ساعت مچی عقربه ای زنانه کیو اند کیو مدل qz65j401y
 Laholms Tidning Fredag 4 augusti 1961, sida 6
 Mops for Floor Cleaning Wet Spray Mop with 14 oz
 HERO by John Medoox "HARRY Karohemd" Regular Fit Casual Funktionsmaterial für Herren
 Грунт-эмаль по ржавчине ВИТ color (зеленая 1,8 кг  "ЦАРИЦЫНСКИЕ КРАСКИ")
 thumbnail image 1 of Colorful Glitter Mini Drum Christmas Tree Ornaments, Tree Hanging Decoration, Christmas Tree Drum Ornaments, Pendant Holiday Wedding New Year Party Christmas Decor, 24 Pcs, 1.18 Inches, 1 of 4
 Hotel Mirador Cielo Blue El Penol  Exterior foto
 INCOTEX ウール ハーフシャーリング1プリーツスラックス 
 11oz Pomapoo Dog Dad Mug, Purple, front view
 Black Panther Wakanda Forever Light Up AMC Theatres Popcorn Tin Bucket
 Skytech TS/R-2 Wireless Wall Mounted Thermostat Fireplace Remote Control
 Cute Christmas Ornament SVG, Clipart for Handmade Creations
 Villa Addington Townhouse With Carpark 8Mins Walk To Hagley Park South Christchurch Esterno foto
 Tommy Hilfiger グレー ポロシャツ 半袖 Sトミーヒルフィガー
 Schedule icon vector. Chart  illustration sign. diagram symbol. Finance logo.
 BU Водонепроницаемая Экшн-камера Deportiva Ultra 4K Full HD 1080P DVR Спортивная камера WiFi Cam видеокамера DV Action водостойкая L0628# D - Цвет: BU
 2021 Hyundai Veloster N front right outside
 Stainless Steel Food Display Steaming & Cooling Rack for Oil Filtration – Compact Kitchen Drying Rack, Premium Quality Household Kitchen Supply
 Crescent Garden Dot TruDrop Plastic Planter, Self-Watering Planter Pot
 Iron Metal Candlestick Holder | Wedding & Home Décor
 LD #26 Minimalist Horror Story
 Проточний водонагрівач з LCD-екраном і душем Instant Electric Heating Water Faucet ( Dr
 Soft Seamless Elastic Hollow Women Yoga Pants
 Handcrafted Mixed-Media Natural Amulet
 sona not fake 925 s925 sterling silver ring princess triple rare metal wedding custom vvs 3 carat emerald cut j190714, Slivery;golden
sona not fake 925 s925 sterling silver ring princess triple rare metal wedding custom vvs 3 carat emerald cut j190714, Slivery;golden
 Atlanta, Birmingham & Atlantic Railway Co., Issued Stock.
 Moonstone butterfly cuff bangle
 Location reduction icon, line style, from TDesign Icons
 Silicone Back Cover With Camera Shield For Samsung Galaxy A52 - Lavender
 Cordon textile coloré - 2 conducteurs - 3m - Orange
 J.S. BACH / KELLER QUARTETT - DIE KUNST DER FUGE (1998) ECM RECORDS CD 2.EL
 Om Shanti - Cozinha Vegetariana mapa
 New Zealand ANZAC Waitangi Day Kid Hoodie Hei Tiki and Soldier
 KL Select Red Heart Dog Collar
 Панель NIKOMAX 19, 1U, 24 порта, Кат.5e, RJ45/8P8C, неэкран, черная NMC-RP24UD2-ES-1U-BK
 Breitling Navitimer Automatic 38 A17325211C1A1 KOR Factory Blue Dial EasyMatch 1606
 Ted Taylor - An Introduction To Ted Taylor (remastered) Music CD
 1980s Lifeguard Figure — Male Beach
——————
— EXERCISE REQUIREMENTS —
Keeping every character as it is, restate the lines above that run from the line with "BU Водонепроницаемая Экшн-камера" through the line with "Silicone Back Cover", both included, and nothing else.

— OUTPUT —
 BU Водонепроницаемая Экшн-камера Deportiva Ultra 4K Full HD 1080P DVR Спортивная камера WiFi Cam видеокамера DV Action водостойкая L0628# D - Цвет: BU
 2021 Hyundai Veloster N front right outside
 Stainless Steel Food Display Steaming & Cooling Rack for Oil Filtration – Compact Kitchen Drying Rack, Premium Quality Household Kitchen Supply
 Crescent Garden Dot TruDrop Plastic Planter, Self-Watering Planter Pot
 Iron Metal Candlestick Holder | Wedding & Home Décor
 LD #26 Minimalist Horror Story
 Проточний водонагрівач з LCD-екраном і душем Instant Electric Heating Water Faucet ( Dr
 Soft Seamless Elastic Hollow Women Yoga Pants
 Handcrafted Mixed-Media Natural Amulet
 sona not fake 925 s925 sterling silver ring princess triple rare metal wedding custom vvs 3 carat emerald cut j190714, Slivery;golden
sona not fake 925 s925 sterling silver ring princess triple rare metal wedding custom vvs 3 carat emerald cut j190714, Slivery;golden
 Atlanta, Birmingham & Atlantic Railway Co., Issued Stock.
 Moonstone butterfly cuff bangle
 Location reduction icon, line style, from TDesign Icons
 Silicone Back Cover With Camera Shield For Samsung Galaxy A52 - Lavender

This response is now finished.